(Beginning of Input data)
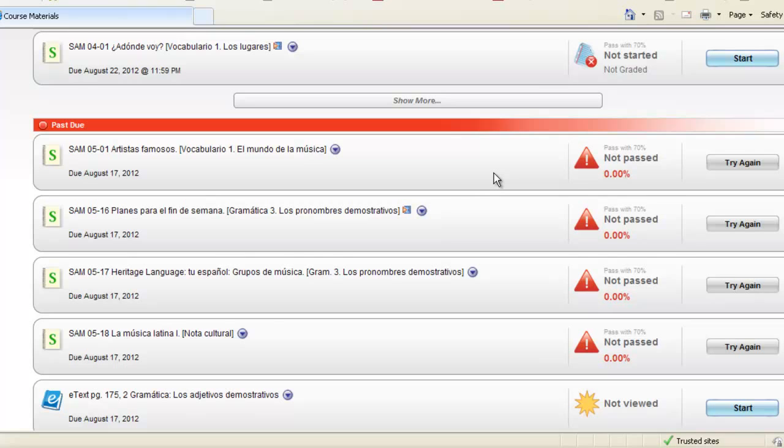Your instructor may or may not approve your past due assignments, or they may have implemented a deduction that you would receive when you complete something late.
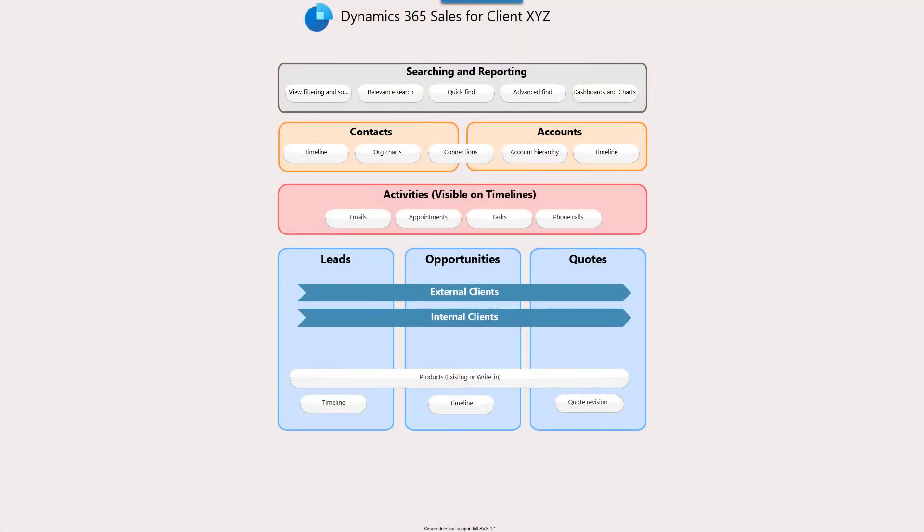Now it's time to present that very first version of the diagram to our client and get some feedback. As we are presenting the diagram of the solution, we invite our client to give us some feedback and collaborate as much as possible. While presenting and discussing the diagram with our client, the client provides us some valuable feedback and observations.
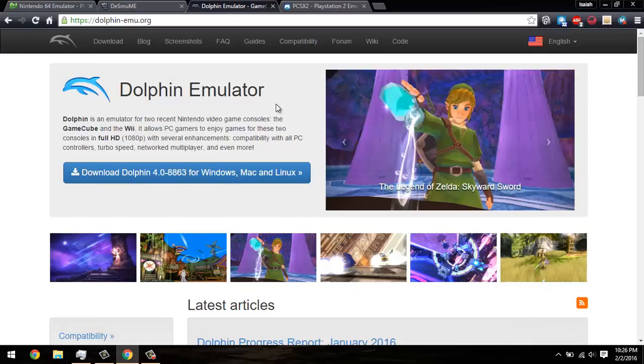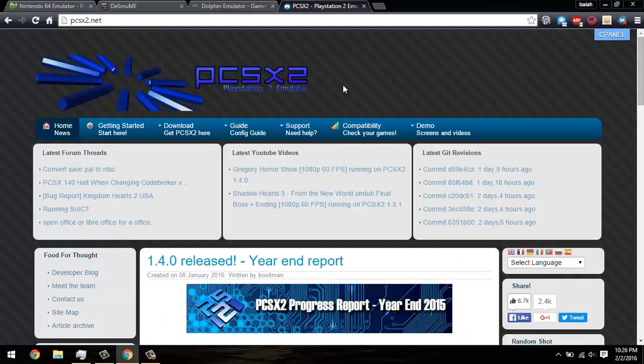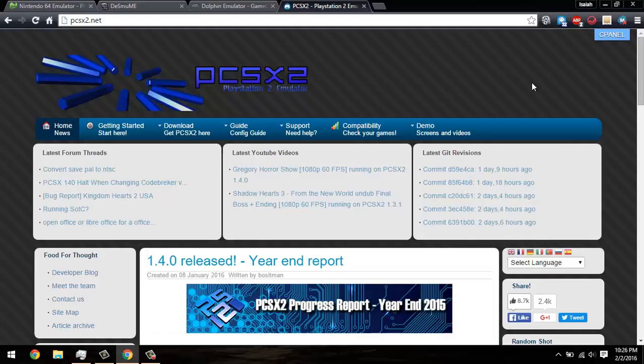Dolphin is an emulator for a Nintendo GameCube and the Wii. PCSX2 is an emulator for the PlayStation 2. These are all just basic examples of what they are.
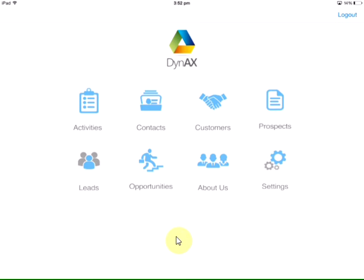Access and edit all major AX CRM entities in real-time such as customers, contacts, prospects, leads, and opportunities.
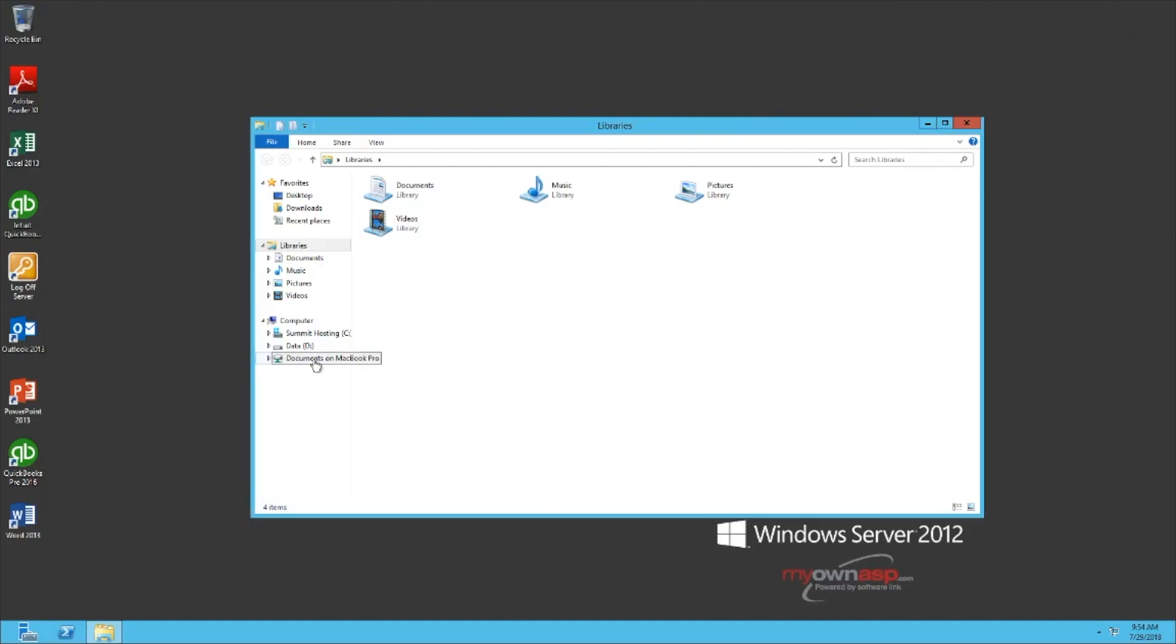If you do not have a redirected folder or drive, please see our other demonstration videos on how to get this to show up when connected to the server.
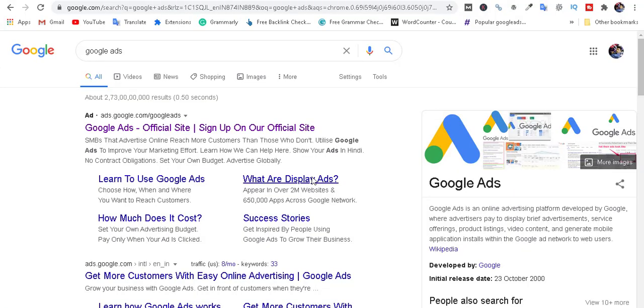Hello friends, what are we going to do in the Google Ads series? We will cover Call Only Ads and Smart Campaign. Let's go to the video.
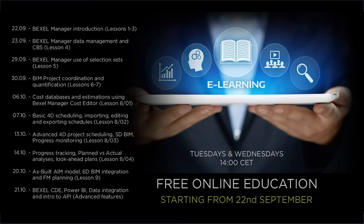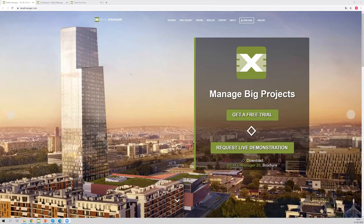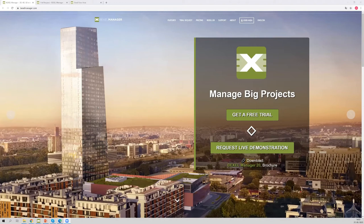Thank you. My name is Amela Memic, and first of all I would like to welcome everyone to our free online education series of webinars. Good morning, good afternoon, and good evening to everyone who will participate today and further on. This series of webinars is designed to follow the sequence of chapters, or lessons, covered in the document step-by-step workflow guide, which we released this summer.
(End of Input data)
** How to complete this task **
Above are records; repeat only the lines from the line with "If you do not" through the line with "Hello friends, what", and leave pictures out.

** Final answer **
If you do not have a redirected folder or drive, please see our other demonstration videos on how to get this to show up when connected to the server.
Hello friends, what are we going to do in the Google Ads series? We will cover Call Only Ads and Smart Campaign. Let's go to the video.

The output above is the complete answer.